La 302, sin embargo, estaba vacía.
Doña Luisa no estaba en su cama. Alejandro se quedó en el umbral, confundido. Miró hacia la silla junto a la ventana, donde siempre dejaba su chal, pero estaba vacía. El monitor estaba apagado, y la cama, perfectamente hecha.
Volvió al puesto de enfermería, donde Clara y Gabriela conversaban en voz baja.
—¿Sabes algo de doña Luisa? —preguntó Alejandro.
Clara levantó la mirada.
—¿Qué pasa con ella?
—No está en su habitación.
Gabriela dejó de organizar los medicamentos y miró a Alejandro con preocupación.
—¿Un traslado?
—Nada registrado —respondió Alejandro, revisando los registros en su tablet.
Clara cerró su expediente y salió hacia la habitación 302 con Alejandro. Cuando llegaron, la enfermera inspeccionó el lugar, y su expresión pasó de tranquila a tensa.

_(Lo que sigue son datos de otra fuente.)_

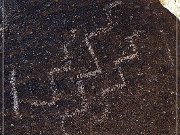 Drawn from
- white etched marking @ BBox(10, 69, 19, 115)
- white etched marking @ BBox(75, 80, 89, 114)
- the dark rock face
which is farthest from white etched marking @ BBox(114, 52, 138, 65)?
A: white etched marking @ BBox(10, 69, 19, 115)

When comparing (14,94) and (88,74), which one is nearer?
(88,74)

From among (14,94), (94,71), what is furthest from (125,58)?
(14,94)

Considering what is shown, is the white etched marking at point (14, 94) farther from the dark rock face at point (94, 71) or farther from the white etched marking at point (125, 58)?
the white etched marking at point (125, 58)

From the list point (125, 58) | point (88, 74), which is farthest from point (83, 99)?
point (125, 58)

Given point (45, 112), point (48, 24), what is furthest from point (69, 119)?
point (48, 24)

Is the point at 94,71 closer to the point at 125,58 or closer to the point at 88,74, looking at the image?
the point at 88,74

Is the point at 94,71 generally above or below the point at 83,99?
above

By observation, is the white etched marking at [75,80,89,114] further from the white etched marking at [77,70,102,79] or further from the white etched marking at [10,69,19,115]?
the white etched marking at [10,69,19,115]

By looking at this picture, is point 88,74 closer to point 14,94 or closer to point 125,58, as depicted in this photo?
point 125,58

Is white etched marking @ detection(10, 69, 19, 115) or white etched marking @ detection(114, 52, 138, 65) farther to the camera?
white etched marking @ detection(10, 69, 19, 115) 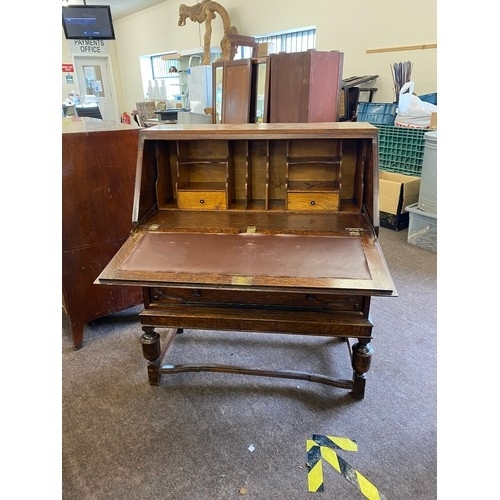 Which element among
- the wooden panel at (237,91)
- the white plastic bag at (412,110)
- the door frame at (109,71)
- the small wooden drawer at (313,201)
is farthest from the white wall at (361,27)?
the door frame at (109,71)

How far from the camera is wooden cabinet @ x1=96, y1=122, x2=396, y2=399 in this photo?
1244mm

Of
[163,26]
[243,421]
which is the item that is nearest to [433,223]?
[243,421]

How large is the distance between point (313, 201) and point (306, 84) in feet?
4.58

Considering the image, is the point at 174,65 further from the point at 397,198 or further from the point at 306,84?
the point at 397,198

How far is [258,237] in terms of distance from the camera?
1.46m

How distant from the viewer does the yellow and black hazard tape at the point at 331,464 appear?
1282mm

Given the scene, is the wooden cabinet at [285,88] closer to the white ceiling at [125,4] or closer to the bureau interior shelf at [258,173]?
the bureau interior shelf at [258,173]

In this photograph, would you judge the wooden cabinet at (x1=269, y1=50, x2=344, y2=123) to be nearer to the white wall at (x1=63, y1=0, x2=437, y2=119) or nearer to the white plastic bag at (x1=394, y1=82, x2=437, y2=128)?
the white plastic bag at (x1=394, y1=82, x2=437, y2=128)

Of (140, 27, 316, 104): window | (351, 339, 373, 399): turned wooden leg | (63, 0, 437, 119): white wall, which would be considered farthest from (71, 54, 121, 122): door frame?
(351, 339, 373, 399): turned wooden leg

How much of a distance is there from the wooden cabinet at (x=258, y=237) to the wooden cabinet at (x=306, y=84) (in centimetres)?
113

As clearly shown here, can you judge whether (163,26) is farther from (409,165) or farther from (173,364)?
(173,364)

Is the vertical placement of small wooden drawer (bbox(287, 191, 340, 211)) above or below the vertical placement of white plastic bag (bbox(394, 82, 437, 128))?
below

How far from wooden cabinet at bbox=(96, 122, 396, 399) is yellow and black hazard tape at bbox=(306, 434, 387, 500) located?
249mm

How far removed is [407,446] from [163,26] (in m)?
8.44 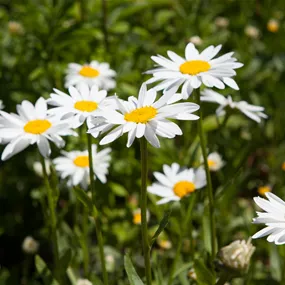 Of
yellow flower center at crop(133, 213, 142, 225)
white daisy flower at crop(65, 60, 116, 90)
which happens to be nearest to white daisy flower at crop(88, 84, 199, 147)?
yellow flower center at crop(133, 213, 142, 225)

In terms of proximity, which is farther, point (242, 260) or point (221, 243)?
point (221, 243)

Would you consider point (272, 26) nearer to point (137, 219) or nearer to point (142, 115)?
point (137, 219)

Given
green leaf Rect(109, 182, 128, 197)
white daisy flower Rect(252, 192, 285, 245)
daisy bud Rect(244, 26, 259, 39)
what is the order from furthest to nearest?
daisy bud Rect(244, 26, 259, 39), green leaf Rect(109, 182, 128, 197), white daisy flower Rect(252, 192, 285, 245)

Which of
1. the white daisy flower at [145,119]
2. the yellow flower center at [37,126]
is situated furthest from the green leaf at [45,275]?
the white daisy flower at [145,119]

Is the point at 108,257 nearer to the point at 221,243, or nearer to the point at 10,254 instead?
the point at 221,243

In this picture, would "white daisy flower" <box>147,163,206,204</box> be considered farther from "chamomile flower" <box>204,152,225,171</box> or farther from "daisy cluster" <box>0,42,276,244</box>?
"chamomile flower" <box>204,152,225,171</box>

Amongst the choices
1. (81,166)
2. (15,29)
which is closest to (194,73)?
(81,166)

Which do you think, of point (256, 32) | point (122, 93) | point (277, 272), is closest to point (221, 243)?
point (277, 272) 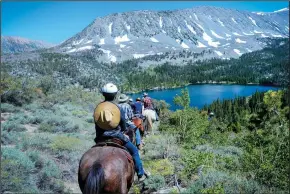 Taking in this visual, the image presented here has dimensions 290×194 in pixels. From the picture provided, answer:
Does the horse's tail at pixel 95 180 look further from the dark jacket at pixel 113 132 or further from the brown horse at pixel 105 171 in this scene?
the dark jacket at pixel 113 132

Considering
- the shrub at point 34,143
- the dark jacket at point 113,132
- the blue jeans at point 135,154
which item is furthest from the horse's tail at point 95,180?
the shrub at point 34,143

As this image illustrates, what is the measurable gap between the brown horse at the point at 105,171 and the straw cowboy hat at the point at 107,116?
17.0 inches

—Esto no tiene sentido. Yo misma la revisé hace dos horas.
Alejandro intentó tranquilizarla.
—Llamemos a seguridad. Tal vez salió desorientada.
Clara asintió y regresó al puesto de enfermería para hacer la llamada. Alejandro permaneció en el pasillo, su mente repasando las posibilidades. Gabriela apareció a su lado, su expresión mezcla de curiosidad y nerviosismo.
—¿Crees que pudo salir sola? —preguntó.
—No lo sé. Pero algo no encaja.
Gabriela abrió la boca para responder, pero algo llamó su atención. Desde el final del pasillo, una figura apareció brevemente bajo la luz parpadeante. Alejandro apenas alcanzó a verla antes de que desapareciera.
—¿Viste eso? —susurró Gabriela.
Alejandro asintió.
—Sí.
La sensación de que algo estaba terriblemente mal comenzó a asentarse en él, como una sombra fría que se filtraba por cada rincón del hospital.